[Opening RECORDS PROVIDED section]

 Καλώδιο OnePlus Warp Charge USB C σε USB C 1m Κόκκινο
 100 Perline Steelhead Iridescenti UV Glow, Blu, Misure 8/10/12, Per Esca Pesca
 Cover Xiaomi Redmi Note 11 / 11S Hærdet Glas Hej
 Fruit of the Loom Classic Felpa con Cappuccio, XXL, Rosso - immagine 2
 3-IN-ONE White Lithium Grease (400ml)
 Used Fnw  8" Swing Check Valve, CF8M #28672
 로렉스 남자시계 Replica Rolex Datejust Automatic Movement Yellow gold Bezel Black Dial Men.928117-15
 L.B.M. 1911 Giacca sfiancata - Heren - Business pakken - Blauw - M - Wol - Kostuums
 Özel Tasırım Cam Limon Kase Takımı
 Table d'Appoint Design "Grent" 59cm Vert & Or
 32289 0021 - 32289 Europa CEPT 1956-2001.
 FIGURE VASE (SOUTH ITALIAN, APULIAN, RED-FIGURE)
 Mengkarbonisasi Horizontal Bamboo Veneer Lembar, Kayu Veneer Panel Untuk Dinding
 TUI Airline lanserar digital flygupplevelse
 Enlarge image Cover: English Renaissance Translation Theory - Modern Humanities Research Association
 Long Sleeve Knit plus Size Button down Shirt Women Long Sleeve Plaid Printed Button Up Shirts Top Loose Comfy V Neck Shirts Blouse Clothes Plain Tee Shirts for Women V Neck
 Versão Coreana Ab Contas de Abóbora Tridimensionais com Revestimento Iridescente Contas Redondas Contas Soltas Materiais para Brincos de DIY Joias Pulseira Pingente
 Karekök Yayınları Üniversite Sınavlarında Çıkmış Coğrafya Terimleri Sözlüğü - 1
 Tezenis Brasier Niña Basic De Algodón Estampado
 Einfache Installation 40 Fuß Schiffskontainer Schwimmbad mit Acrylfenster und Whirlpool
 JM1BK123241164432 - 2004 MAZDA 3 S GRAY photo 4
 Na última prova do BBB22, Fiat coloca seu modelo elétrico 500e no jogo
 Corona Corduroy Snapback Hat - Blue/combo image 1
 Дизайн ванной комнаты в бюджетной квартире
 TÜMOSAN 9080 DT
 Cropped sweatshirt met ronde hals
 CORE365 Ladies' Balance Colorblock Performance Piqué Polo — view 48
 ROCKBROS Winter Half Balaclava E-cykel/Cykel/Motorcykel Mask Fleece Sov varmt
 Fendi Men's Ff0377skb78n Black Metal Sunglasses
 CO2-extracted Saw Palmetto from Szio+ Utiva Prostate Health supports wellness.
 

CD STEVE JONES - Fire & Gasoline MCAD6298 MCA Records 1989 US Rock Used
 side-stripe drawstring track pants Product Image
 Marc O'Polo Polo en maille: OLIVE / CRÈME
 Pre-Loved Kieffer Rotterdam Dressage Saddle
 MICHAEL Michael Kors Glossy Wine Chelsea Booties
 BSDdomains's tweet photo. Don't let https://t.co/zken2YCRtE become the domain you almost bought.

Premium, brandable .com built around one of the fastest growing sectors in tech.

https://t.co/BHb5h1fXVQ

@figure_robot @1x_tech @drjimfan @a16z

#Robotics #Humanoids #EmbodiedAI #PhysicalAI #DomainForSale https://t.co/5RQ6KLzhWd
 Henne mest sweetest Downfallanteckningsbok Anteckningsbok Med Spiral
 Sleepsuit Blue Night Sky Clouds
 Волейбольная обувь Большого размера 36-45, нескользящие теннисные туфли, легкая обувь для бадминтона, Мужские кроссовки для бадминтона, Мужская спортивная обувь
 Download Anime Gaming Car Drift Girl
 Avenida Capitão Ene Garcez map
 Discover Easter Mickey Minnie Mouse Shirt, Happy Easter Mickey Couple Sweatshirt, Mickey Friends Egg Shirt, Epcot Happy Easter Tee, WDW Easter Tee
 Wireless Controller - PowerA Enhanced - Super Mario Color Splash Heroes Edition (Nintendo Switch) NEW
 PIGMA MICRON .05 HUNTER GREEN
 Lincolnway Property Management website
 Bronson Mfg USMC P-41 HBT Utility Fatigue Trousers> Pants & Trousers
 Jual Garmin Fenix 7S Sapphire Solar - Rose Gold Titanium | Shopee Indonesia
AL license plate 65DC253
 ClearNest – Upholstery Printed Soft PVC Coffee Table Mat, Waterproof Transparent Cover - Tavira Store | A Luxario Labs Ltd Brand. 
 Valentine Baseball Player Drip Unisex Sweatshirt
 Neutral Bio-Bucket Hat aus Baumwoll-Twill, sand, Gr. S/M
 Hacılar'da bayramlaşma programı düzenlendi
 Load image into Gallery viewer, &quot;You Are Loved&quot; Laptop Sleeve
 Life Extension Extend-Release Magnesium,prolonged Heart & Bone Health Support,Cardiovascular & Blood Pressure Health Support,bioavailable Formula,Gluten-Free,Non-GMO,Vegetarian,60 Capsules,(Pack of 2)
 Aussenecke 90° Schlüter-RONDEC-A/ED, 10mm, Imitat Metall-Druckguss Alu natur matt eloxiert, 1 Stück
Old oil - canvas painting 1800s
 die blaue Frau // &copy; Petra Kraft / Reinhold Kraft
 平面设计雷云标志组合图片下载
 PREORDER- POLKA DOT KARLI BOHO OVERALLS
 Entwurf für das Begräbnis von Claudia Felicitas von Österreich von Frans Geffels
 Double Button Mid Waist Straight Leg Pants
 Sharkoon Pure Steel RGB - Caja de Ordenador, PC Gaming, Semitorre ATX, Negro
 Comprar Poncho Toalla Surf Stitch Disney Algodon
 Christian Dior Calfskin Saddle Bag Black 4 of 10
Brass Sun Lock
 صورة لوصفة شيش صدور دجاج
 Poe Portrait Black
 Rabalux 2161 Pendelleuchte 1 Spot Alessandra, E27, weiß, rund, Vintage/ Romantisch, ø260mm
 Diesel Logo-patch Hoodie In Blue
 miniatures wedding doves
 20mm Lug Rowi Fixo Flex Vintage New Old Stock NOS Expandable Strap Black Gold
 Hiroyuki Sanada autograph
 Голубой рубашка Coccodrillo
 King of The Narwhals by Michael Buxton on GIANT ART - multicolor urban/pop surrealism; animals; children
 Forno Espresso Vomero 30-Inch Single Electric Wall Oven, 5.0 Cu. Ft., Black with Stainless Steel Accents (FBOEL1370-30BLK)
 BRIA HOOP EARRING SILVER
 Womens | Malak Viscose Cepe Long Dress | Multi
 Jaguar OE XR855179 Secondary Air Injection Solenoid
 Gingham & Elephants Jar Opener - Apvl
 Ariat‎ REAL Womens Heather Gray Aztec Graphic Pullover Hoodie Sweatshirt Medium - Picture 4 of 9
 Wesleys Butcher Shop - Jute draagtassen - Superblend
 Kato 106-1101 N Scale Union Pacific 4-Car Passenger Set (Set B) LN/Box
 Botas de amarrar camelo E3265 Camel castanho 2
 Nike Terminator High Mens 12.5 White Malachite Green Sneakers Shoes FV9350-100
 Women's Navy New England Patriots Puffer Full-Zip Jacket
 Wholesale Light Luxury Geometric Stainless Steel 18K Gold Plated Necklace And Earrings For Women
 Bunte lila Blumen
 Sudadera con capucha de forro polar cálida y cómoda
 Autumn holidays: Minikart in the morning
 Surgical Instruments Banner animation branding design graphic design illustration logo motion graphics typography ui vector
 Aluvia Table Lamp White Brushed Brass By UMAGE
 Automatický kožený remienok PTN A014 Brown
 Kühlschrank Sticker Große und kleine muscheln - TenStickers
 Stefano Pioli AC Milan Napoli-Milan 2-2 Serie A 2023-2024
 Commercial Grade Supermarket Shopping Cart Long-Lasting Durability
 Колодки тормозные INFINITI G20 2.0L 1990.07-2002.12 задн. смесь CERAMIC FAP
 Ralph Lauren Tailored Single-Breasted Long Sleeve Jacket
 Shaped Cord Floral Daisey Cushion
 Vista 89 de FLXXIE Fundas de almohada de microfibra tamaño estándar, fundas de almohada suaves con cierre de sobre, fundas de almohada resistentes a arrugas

[Closing RECORDS PROVIDED section]

== WHAT YOU ARE ASKED TO DO ==
Your task for the entries above: copy exactly the span starting with the line with "Bronson Mfg USMC" and going on through the line with "Poe Portrait Black", both lines included, and nothing else.

== WORKED SOLUTION ==
 Bronson Mfg USMC P-41 HBT Utility Fatigue Trousers> Pants & Trousers
 Jual Garmin Fenix 7S Sapphire Solar - Rose Gold Titanium | Shopee Indonesia
AL license plate 65DC253
 ClearNest – Upholstery Printed Soft PVC Coffee Table Mat, Waterproof Transparent Cover - Tavira Store | A Luxario Labs Ltd Brand. 
 Valentine Baseball Player Drip Unisex Sweatshirt
 Neutral Bio-Bucket Hat aus Baumwoll-Twill, sand, Gr. S/M
 Hacılar'da bayramlaşma programı düzenlendi
 Load image into Gallery viewer, &quot;You Are Loved&quot; Laptop Sleeve
 Life Extension Extend-Release Magnesium,prolonged Heart & Bone Health Support,Cardiovascular & Blood Pressure Health Support,bioavailable Formula,Gluten-Free,Non-GMO,Vegetarian,60 Capsules,(Pack of 2)
 Aussenecke 90° Schlüter-RONDEC-A/ED, 10mm, Imitat Metall-Druckguss Alu natur matt eloxiert, 1 Stück
Old oil - canvas painting 1800s
 die blaue Frau // &copy; Petra Kraft / Reinhold Kraft
 平面设计雷云标志组合图片下载
 PREORDER- POLKA DOT KARLI BOHO OVERALLS
 Entwurf für das Begräbnis von Claudia Felicitas von Österreich von Frans Geffels
 Double Button Mid Waist Straight Leg Pants
 Sharkoon Pure Steel RGB - Caja de Ordenador, PC Gaming, Semitorre ATX, Negro
 Comprar Poncho Toalla Surf Stitch Disney Algodon
 Christian Dior Calfskin Saddle Bag Black 4 of 10
Brass Sun Lock
 صورة لوصفة شيش صدور دجاج
 Poe Portrait Black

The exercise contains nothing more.